(Task objective):
Show the lines below where "thumbnail" occurs.

(Supplied records):
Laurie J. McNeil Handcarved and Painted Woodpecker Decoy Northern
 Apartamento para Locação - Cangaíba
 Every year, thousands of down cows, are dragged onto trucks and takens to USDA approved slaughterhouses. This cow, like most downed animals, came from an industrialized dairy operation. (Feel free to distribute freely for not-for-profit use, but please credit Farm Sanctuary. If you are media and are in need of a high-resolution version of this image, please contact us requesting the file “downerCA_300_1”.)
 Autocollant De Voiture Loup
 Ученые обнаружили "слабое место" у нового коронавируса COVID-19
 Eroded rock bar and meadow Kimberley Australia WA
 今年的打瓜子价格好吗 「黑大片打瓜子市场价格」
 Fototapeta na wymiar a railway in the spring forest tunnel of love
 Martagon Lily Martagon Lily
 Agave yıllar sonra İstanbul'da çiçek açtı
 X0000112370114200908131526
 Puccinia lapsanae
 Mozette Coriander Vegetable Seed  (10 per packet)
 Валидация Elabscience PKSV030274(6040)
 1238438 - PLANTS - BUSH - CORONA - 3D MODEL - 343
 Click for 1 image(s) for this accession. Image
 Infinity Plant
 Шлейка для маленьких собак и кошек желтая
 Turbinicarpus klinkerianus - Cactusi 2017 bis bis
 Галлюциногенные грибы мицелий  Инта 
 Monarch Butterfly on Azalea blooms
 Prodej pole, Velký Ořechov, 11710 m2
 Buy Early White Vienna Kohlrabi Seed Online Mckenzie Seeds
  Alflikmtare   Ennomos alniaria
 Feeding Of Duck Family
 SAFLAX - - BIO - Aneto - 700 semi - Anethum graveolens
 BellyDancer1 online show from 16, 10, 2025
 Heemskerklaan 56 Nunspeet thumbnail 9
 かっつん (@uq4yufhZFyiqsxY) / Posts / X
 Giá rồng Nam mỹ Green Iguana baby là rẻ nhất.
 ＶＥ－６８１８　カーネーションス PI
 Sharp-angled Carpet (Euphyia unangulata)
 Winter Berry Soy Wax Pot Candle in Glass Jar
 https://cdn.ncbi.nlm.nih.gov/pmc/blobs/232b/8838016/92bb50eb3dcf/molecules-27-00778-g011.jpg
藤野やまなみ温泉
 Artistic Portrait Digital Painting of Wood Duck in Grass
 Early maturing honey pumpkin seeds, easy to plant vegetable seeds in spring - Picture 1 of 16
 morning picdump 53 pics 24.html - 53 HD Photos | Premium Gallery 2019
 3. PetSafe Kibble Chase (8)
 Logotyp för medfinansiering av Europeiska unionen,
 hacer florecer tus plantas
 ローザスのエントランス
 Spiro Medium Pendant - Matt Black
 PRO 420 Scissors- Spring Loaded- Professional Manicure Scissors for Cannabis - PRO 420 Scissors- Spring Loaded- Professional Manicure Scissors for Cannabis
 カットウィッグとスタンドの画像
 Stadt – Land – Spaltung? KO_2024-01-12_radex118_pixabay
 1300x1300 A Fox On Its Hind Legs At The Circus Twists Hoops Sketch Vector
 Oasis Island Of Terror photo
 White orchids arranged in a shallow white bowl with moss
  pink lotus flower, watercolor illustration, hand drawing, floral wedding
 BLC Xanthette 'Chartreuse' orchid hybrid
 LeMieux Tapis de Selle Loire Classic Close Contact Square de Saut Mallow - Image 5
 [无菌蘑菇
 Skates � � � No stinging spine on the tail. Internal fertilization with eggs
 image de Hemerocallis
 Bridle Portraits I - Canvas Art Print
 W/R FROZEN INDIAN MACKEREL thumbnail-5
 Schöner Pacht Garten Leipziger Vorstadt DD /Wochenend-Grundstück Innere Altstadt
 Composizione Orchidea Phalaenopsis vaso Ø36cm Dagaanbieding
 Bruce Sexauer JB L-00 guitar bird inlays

(Output of the exercise):
 Heemskerklaan 56 Nunspeet thumbnail 9
 W/R FROZEN INDIAN MACKEREL thumbnail-5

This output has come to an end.